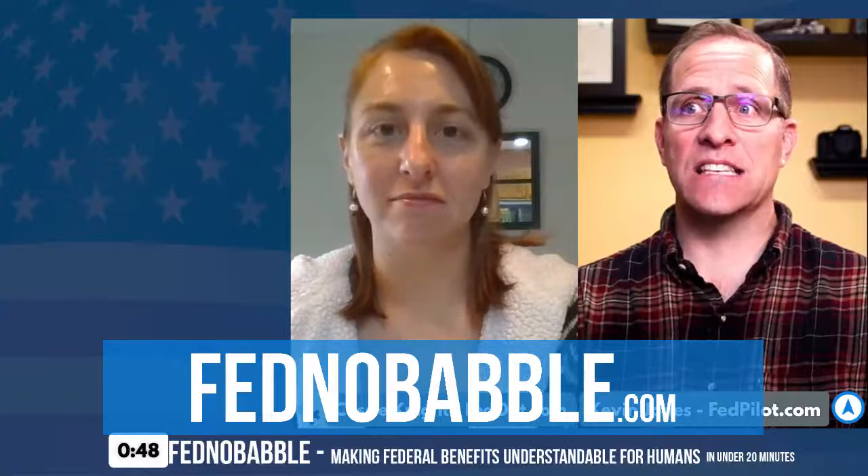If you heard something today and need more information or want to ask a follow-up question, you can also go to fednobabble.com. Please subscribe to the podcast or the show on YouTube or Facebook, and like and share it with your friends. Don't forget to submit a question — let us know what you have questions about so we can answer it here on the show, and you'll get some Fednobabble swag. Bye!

---

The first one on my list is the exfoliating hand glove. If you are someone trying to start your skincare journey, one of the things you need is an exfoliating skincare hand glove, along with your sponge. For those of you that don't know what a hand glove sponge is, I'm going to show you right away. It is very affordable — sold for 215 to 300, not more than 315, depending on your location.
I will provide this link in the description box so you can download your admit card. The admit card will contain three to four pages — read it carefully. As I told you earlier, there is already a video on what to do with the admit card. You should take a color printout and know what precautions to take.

Task —
From the data above, output only the lines between the line containing "The first one" and the line containing "I will provide", inclusive, exactly as written.

Result —
The first one on my list is the exfoliating hand glove. If you are someone trying to start your skincare journey, one of the things you need is an exfoliating skincare hand glove, along with your sponge. For those of you that don't know what a hand glove sponge is, I'm going to show you right away. It is very affordable — sold for 215 to 300, not more than 315, depending on your location.
I will provide this link in the description box so you can download your admit card. The admit card will contain three to four pages — read it carefully. As I told you earlier, there is already a video on what to do with the admit card. You should take a color printout and know what precautions to take.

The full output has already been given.